*** RAW DATA ***

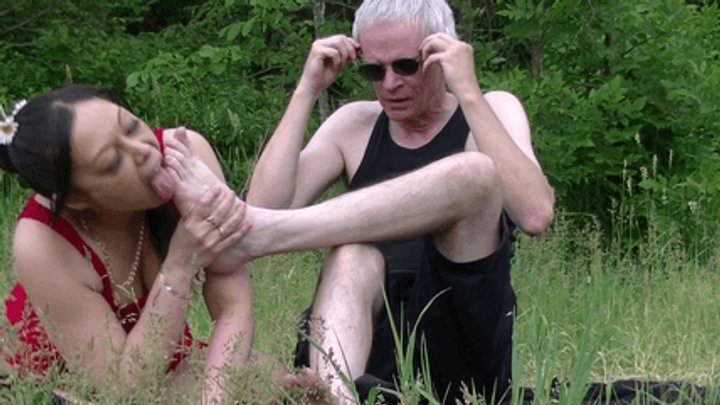 My Masters Feet - Foot lick in the fields (mp4)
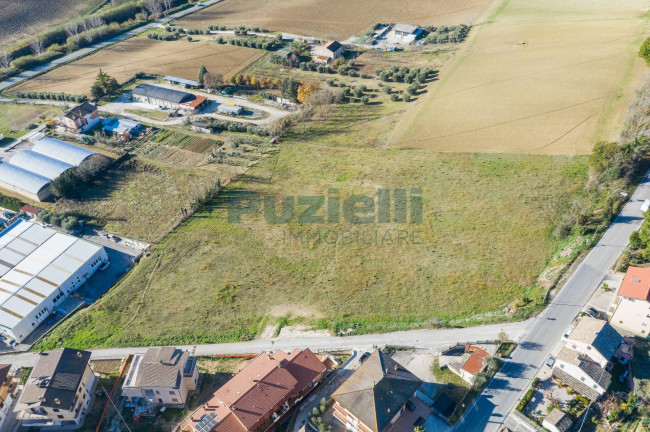 Terreno edificabile in vendita a Fermo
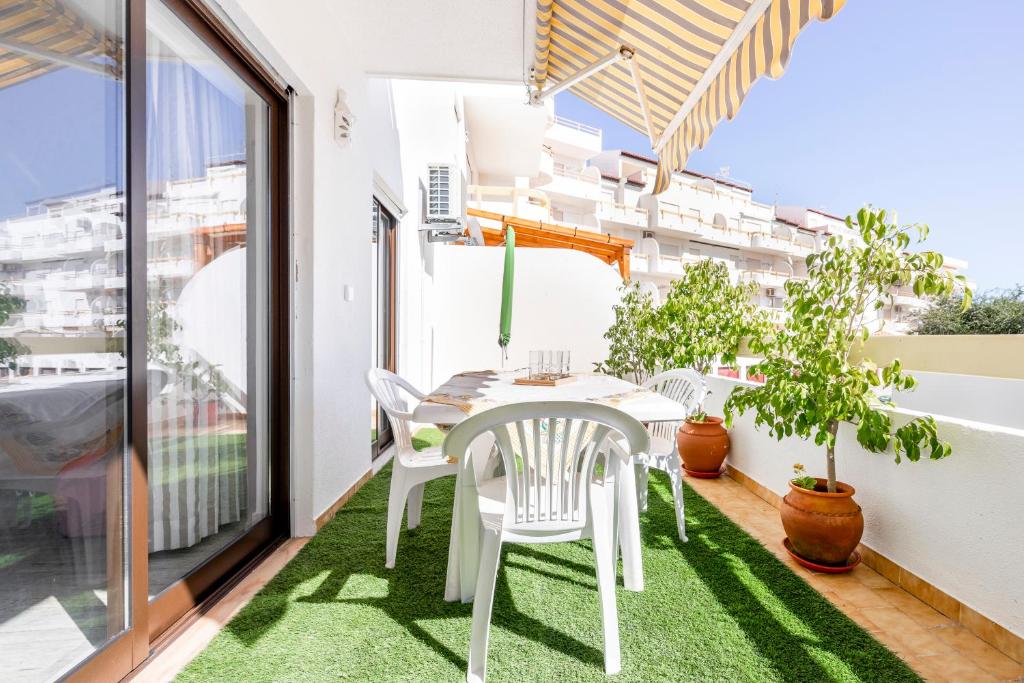 een patio met een tafel en stoelen op een balkon bij Altura Inn Terrace in Altura
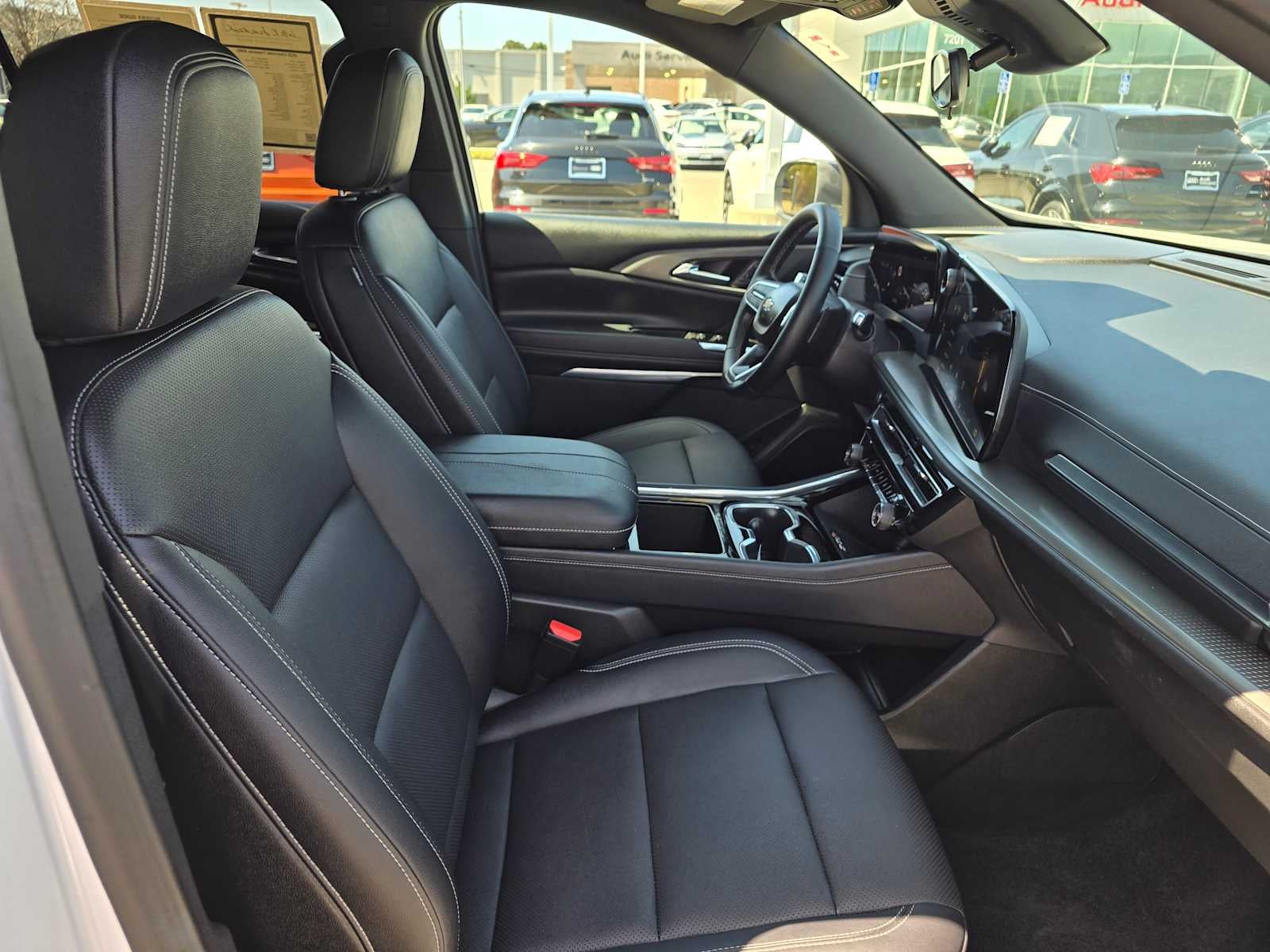 2025 Chevrolet Traverse AWD LT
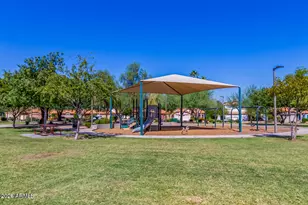 1604 S Villas Ln, Chandler, AZ 85286 - Photo 38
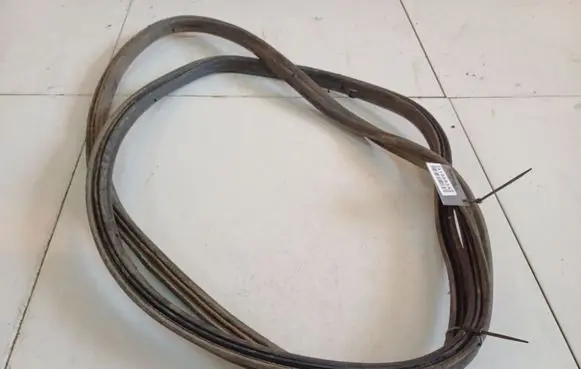 Audi A4 S4 B5 8D Trunk rubber seal (body) 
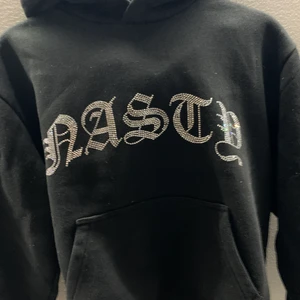 Hiddencult tröja - Säljer min as snygga och trendiga tröja från hiddencult i toppenskick, slutsåld i alla storlekar på hemsidan 💖 buda i kommenterna från 200 💖 budgivningen avslutas tisdag 00:00 💞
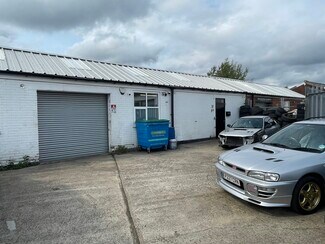 Plus de détails pour Bridge Rd, Camberley - Industriel/Logistique à louer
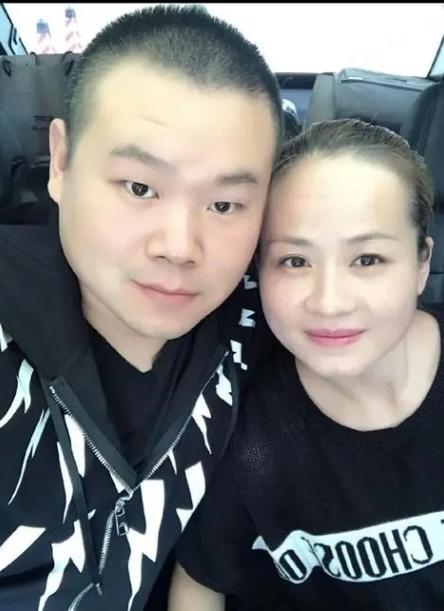 一天，岳鹏云‬带着老婆‬郑敏回老‬家，刚见到‬大二姐‬姐就跑都‬过来借钱，当郑着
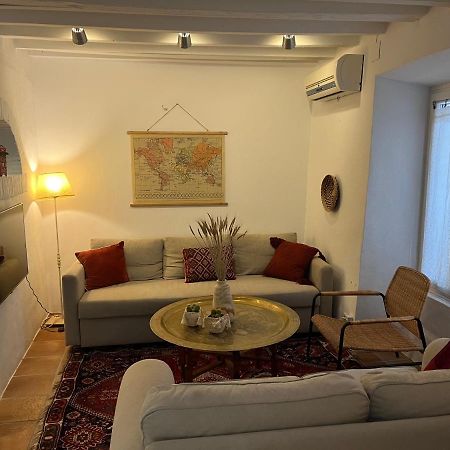 마르베야 Town House With Roof Terrace - Old Town 아파트 외부 사진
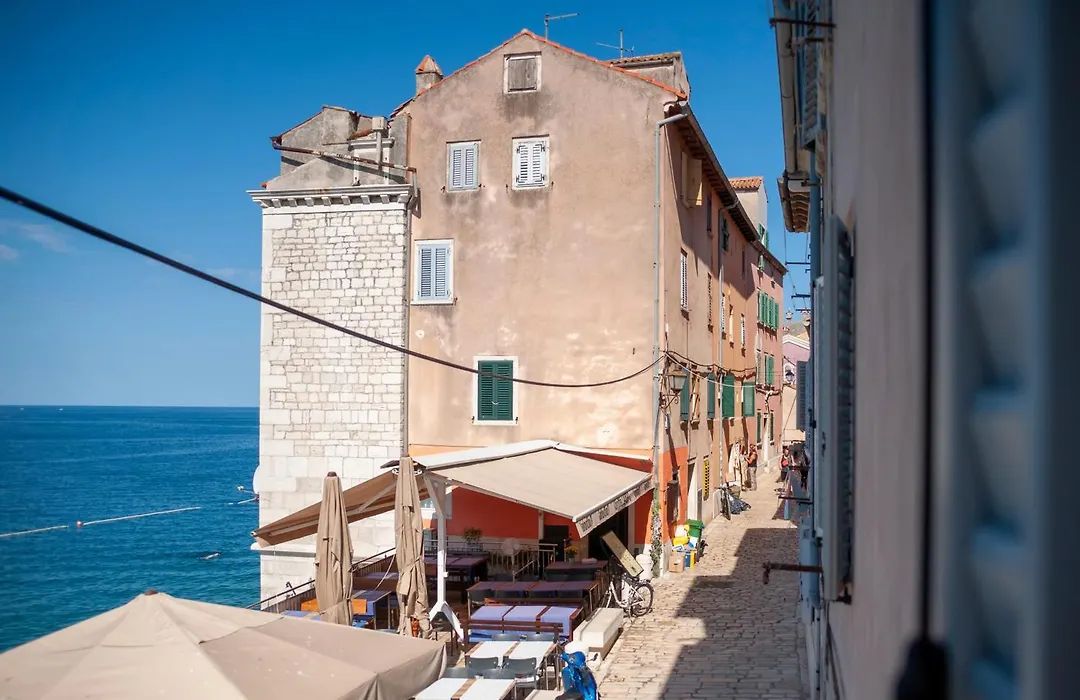 La Riva Luxury Rooms-1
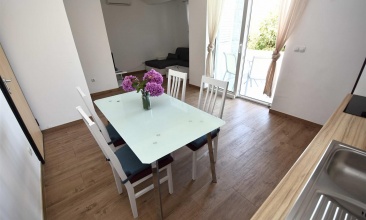 Kuća Tea, Apartman 2+2 b, Murter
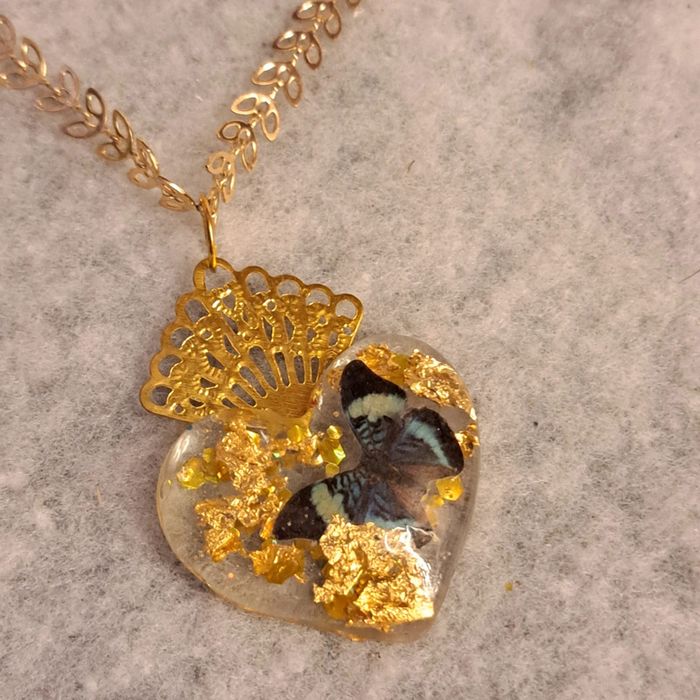 Collier chainette doré avec pendentif cœur résine - photo numéro 2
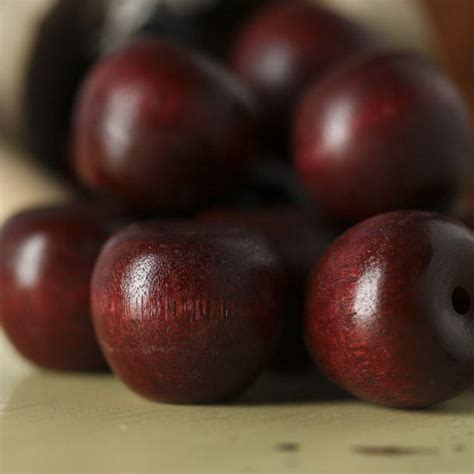 Miniature Stained Wood Apples - What's New - Dollhouse Miniatures 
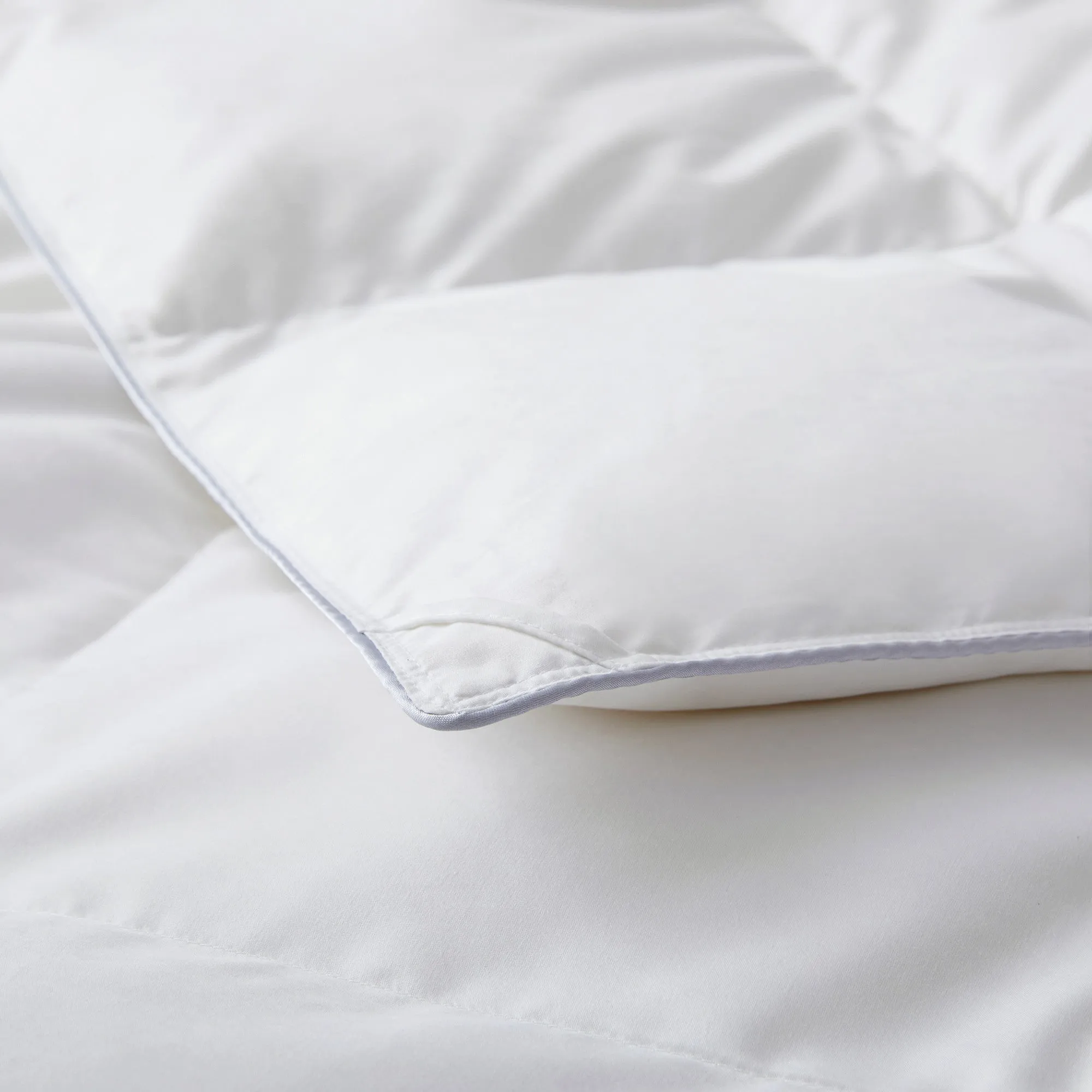 Puredown Feather and Down Comforter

*** End of RAW DATA ***

:: TASK OBJECTIVE ::
What is needed here is an exact copy of the lines from the line containing "Terreno edificabile in vendita a Fermo" through the end of the records, with every picture left out.

:: ANSWER TO THIS EXERCISE ::
 Terreno edificabile in vendita a Fermo
 een patio met een tafel en stoelen op een balkon bij Altura Inn Terrace in Altura
 2025 Chevrolet Traverse AWD LT
 1604 S Villas Ln, Chandler, AZ 85286 - Photo 38
 Audi A4 S4 B5 8D Trunk rubber seal (body) 
 Hiddencult tröja - Säljer min as snygga och trendiga tröja från hiddencult i toppenskick, slutsåld i alla storlekar på hemsidan 💖 buda i kommenterna från 200 💖 budgivningen avslutas tisdag 00:00 💞
 Plus de détails pour Bridge Rd, Camberley - Industriel/Logistique à louer
 一天，岳鹏云‬带着老婆‬郑敏回老‬家，刚见到‬大二姐‬姐就跑都‬过来借钱，当郑着
 마르베야 Town House With Roof Terrace - Old Town 아파트 외부 사진
 La Riva Luxury Rooms-1
 Kuća Tea, Apartman 2+2 b, Murter
 Collier chainette doré avec pendentif cœur résine - photo numéro 2
 Miniature Stained Wood Apples - What's New - Dollhouse Miniatures 
 Puredown Feather and Down Comforter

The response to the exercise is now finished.